TCP/IP will overtake ATM soon

London, 28 January 98 In the year 2000 ATM will no longer be the leading technology of broadband networking , according to Ovum, analysts in telecommunications and information technology. Instead, development will be driven by competitive factors including the adoption of TCP/IP based applications which will allow a variety of alternative approaches. The findings come in a new report from Ovum, The Future Of Broadband Networking: ATM vs. TCP/IP.

According to Ovum, broadband networking will use a wide variety of protocols influenced by the following factors: Customer requirements and the needs of underlying applications LAN developments and the adoption of Ethernet enhancements; adoption of ATM within the telcos wide area networks and adoption of TCP/IP based applications and voice over IP. The interaction of these factors will determine to which extent ATM and IP will be used.

For many years, the orthodox view of the development of broadband networking has been that it would use ATM (asynchronous transfer mode) transmission and switching. The definition of the broadband ISDN has been ATM on an SDH (synchronous digital hierarchy) infrastructure. The ITU-T has been developing ATM standards for the B-ISDN for nearly 10 years. Telcos and equipment suppliers have co-operated in the development of these standards. They have developed a vision of the future accepted by regulators and end-users alike. The path towards this future has been well marked - although exactly when it would be realised has remained unclear.

The rise of the Internet and enhancements to the TCP/IP protocol suite to make it better able to cope with multimedia, broadband and real time communications has challenged that orthodoxy. The Internet has grown at rates which are terrifying for a traditional telco - 10% - 15% per month. The Internet has a number of problems; it is slow, it is insecure, it can't cope very well with real time applications and has no end to end management. But all of these problems are being addressed. There are proposals for improving real time applications (RTP), for reserving bandwidth (RSVP) and improving security (IPSEC).

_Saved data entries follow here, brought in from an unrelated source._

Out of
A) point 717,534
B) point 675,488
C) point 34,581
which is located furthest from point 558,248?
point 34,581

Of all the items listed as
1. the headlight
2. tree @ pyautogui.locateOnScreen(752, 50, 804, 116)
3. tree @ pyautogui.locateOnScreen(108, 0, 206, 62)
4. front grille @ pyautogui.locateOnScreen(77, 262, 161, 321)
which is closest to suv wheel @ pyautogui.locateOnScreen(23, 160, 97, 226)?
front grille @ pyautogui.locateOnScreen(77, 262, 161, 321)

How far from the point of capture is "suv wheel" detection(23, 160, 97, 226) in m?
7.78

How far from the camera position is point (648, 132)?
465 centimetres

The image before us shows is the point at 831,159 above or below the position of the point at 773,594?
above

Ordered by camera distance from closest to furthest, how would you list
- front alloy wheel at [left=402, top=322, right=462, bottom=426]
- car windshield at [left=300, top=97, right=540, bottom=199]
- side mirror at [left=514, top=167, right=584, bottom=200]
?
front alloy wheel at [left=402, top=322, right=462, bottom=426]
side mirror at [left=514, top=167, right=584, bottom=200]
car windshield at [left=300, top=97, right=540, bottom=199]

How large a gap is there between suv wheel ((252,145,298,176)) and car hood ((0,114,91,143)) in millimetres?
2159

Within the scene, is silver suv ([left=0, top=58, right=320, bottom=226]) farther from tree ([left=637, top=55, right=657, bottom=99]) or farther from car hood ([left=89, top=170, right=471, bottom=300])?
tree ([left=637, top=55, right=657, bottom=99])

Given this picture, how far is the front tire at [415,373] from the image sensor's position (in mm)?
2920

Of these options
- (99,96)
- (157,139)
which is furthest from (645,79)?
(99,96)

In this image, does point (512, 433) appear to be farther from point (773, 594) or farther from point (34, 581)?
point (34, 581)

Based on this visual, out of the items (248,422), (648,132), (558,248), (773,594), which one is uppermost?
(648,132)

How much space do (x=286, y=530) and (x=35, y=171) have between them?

According to Ovum customers requirement for broadband is being driven by the growth of traffic and the need to reduce latency rather than by widespread adoption of "broadband applications". The key drivers for broadband are increasing use of client - server architectures, the growth in e-mail and the increasing size of files being transferred across the wide area. Voice traffic remains a major component of wide area broadband. Inherently broadband applications such as real time video or CAD/CAM are contributing a relatively small amount to the requirement for broadband access capacity. E-mail is a major factor because of the attachment of large files - spreadsheets, presentations, voice messages, etc. The Worldwide Web is also important because users wish to download complex screens quickly.

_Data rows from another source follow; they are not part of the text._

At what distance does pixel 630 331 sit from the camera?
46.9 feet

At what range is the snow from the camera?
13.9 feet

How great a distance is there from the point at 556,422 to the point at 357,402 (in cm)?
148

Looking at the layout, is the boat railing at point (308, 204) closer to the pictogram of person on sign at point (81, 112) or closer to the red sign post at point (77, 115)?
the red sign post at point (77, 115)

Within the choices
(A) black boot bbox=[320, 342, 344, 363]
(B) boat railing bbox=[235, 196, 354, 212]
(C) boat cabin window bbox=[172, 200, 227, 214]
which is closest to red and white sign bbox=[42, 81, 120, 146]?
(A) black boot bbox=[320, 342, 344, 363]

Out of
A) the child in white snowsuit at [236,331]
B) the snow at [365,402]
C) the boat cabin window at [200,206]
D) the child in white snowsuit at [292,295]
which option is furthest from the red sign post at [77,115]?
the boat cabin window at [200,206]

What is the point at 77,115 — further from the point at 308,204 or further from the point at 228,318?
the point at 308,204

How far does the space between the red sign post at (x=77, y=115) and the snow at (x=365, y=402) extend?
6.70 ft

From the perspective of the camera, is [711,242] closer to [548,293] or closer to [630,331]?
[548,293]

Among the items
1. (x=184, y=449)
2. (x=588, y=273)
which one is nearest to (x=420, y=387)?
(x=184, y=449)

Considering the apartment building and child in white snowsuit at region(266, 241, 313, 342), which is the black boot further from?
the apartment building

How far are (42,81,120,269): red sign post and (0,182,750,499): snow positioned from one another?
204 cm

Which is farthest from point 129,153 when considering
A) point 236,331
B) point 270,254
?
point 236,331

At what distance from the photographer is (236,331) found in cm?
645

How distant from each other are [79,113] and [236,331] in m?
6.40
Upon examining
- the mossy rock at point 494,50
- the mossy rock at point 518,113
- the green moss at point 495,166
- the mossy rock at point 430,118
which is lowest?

Non-voice is overtaking voice as the prime driver for wide area broadband. Data has been growing faster than voice for many years, but until recently, the total amount of voice traffic exceeded non-voice. They are now roughly equal and in a few years, non-voice broadband traffic will be twice as great as voice. Within 5 years, large corporate customers will treat voice as one application on their broadband networks - albeit an important one.

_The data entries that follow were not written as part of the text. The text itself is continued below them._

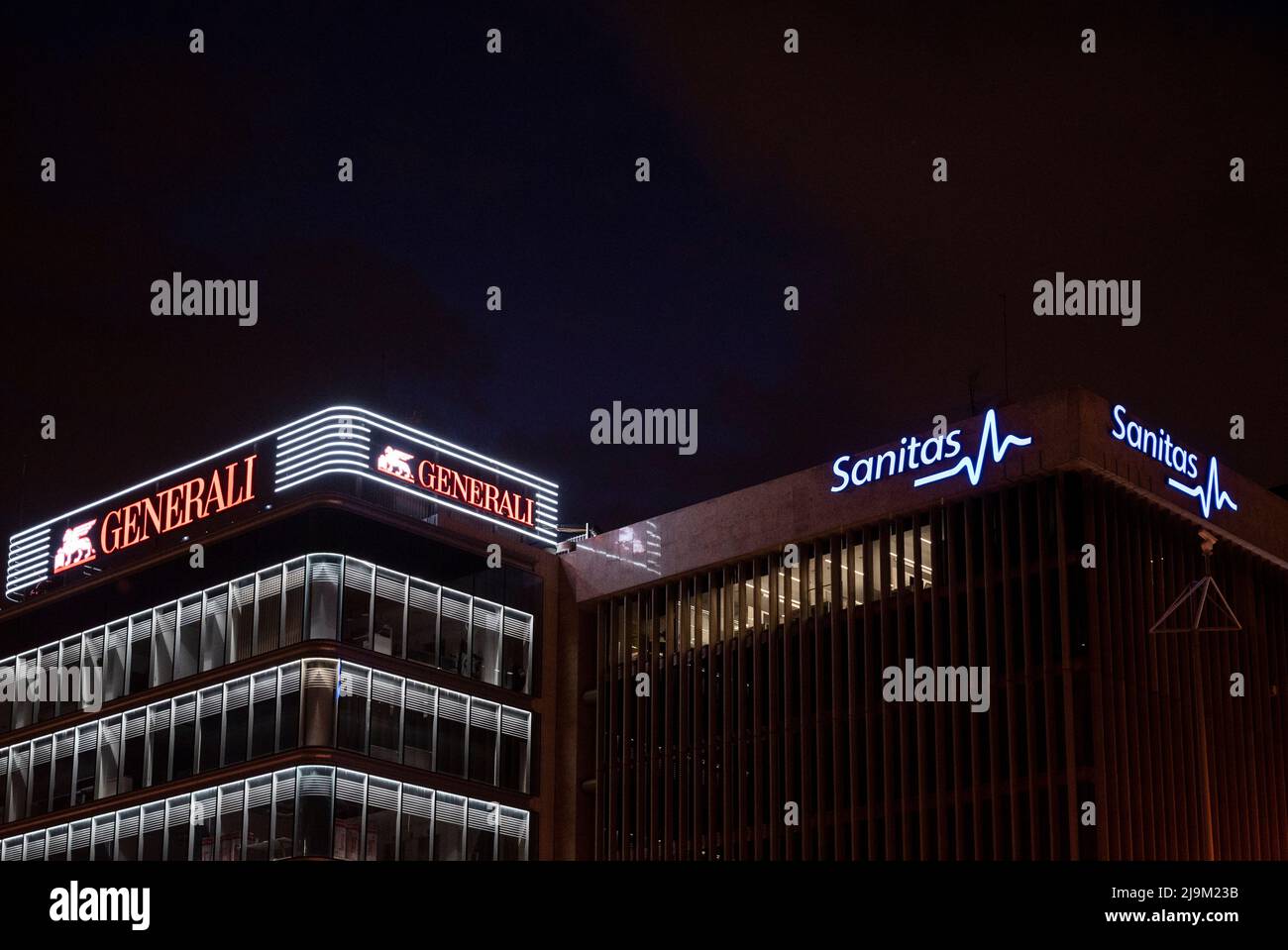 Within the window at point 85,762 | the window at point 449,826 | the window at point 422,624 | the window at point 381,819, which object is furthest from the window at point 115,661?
the window at point 449,826

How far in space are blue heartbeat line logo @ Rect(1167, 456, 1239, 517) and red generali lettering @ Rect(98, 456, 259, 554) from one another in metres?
30.9

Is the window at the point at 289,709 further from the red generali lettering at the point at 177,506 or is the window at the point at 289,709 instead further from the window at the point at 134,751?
the window at the point at 134,751

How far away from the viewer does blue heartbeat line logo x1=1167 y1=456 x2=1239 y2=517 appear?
194 feet

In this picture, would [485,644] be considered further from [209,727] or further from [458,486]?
[209,727]

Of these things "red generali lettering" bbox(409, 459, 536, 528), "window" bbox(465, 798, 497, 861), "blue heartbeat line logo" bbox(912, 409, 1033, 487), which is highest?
"red generali lettering" bbox(409, 459, 536, 528)

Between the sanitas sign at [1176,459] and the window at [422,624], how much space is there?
77.0 feet

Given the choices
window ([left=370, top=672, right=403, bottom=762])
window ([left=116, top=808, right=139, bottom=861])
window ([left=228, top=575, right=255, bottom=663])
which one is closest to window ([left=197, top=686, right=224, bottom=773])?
window ([left=228, top=575, right=255, bottom=663])

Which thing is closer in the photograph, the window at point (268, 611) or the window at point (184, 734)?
the window at point (268, 611)

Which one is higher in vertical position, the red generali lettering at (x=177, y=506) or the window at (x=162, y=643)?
the red generali lettering at (x=177, y=506)

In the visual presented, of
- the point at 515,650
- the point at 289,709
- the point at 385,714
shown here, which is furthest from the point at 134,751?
the point at 515,650

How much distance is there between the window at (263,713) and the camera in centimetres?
6222

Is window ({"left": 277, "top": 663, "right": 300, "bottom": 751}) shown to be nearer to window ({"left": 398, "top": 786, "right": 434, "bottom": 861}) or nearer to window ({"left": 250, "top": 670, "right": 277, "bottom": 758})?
window ({"left": 250, "top": 670, "right": 277, "bottom": 758})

Gigabit Ethernet and Ethernet switching are reducing the need for ATM in the campus backbone. Gigabit Ethernet allows LANs to operate at 1,000 Mbit/s and switches are available which allow switching at wire speed. As a result, there is less need for 625 Mbit/s ATM systems in the campus backbone. Gigabit Ethernet is also displacing FDDI in the campus backbone. Although Gigabit Ethernet requires optical fibres instead of wire, it uses the same frame structure as traditional Ethernet, once again leaving users feeling comfortable that it is a low risk option./P>

Thus, there will be no strong driver for adopting wide area ATM from developments in the LAN. If ATM were being adopted at the desktop or in the campus backbone it would be natural to use ATM wide area services. In the absence of ATM in the LAN, wide area ATM services will stand or fall on the intrinsic advantages they offer to users. Ovum concludes that IP will be the dominant protocol for broadband wide area networking by 2002, concludes Ovum. Use of both ATM and TCP/IP will grow rapidly but by 2002 usage of TCP/IP will exceed usage of other protocols. The IP market will grow rapidly at more than 70% a year between 1998 and 2002. The ATM market will also grow rapidly but will be less significant than TCP/IP.